A Receita Federal e a Polícia Federal deflagraram nesta quinta-feira, 19, a Operação Sangue Impuro para combater fraudes na importação de cavalos de raça. Duas pessoas foram presas. A investigação estima que tenham sido sonegados mais de R$ 160 milhões, entre tributos federais e estaduais.

Segundo a Receita, o mercado de equinos envolve empresas e pessoas físicas de grande poder econômico – alguns animais eram destinados a competições. A Alfândega do Aeroporto de Viracopos, em Campinas (SP), detectou subfaturamento na importação dos animais no interior do Estado.

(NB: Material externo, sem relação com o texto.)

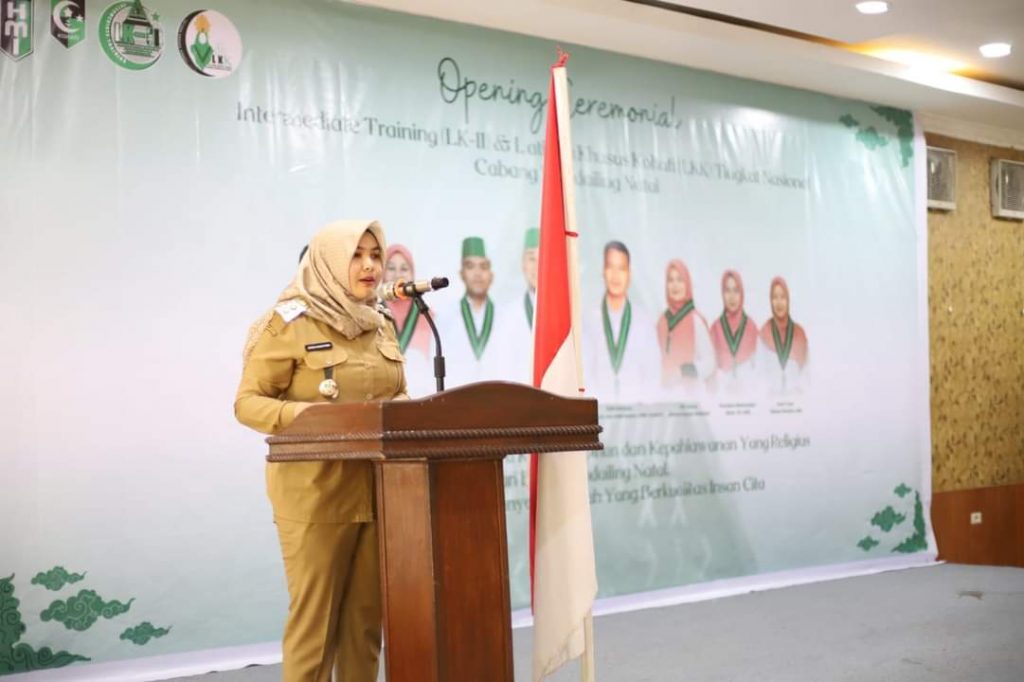 Wabup Atika Buka Acara LK II dan LKK Tingkat Nasional HMI Madina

“As investigações começaram em 2012, quando auditores-fiscais da Receita detectaram indícios de subfaturamento na importação de cavalos, especialmente aqueles destinados a competições nacionais e internacionais. Em um dos casos, o valor declarado pelo animal era de 20 mil euros (cerca de R$ 80 mil), mas a fiscalização detectou que o valor do animal era de 110 mil euros (aproximadamente R$ 440 mil)”, informou nota da Receita.

Foto: Receita Federal

Foto: Receita Federal

De acordo com o Fisco, o valor de um cavalo é determinado pelos fatores raça, genética, tamanho, idade, temperamento e capacidade de desempenho em provas e nível de treinamento. Um cavalo pode chegar a custar mais de 1 milhão de euros (valor superior a R$ 4 milhões).

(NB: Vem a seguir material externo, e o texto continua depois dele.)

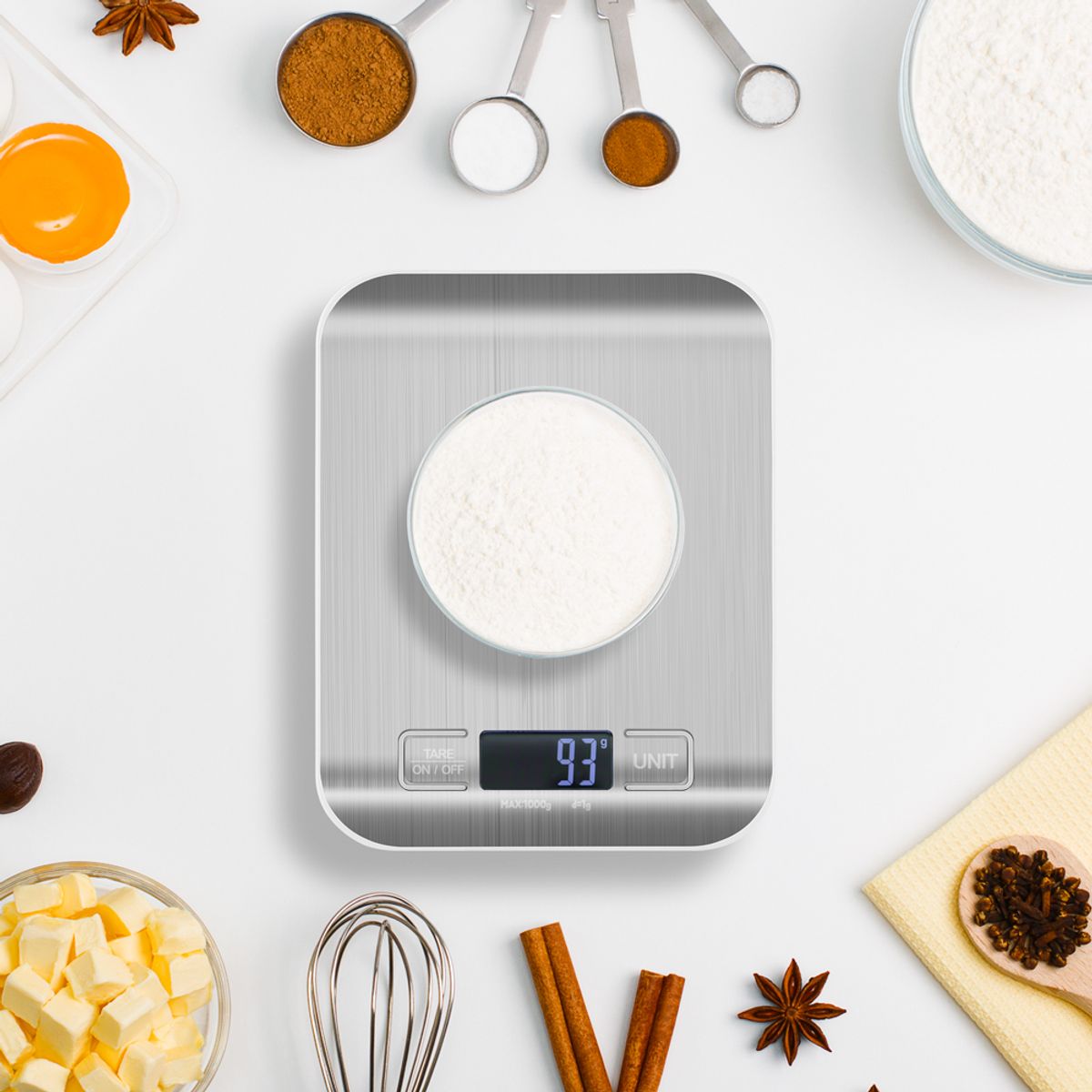 퓨어코치(PURECOACH) 스테인리스 1kg 측정 디지털 주방저울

“Além de apresentarem valores declarados muito inferiores aos pagos pelos cavalos, muitas das importações eram realizadas por meio de laranjas, com o objetivo de ocultar os reais beneficiários da operação. O mercado de comercialização desse tipo de animal não envolve apenas empresas, mas também pessoas físicas de grande poder econômico”, informou a Receita.

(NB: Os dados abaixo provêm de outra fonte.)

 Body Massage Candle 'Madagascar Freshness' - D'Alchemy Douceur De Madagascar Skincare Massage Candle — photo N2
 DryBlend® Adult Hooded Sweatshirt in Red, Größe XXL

As ações de fiscalização já realizadas resultaram em autos de infração, com aplicação de multas e pena de perdimento (perda do bem) dos equinos irregularmente importados. Além da sonegação de tributos, foram identificados outros crimes, como estelionato, formação de quadrilha, descaminho, interposição fraudulenta, falsidade documental e lavagem de dinheiro.

Estão sendo cumpridos três mandados de prisão, 36 mandados de busca e apreensão, 15 mandados de condução coercitiva e 5 de sequestro de bens – cavalos pertencentes aos investigados. Participam desta etapa da operação 48 auditores-fiscais e analistas-tributários da Receita Federal. O trabalho está sendo realizado em 16 cidades dos estados de São Paulo, Rio de Janeiro, Amazonas, Minas Gerais, Paraná e Rio Grande do Sul.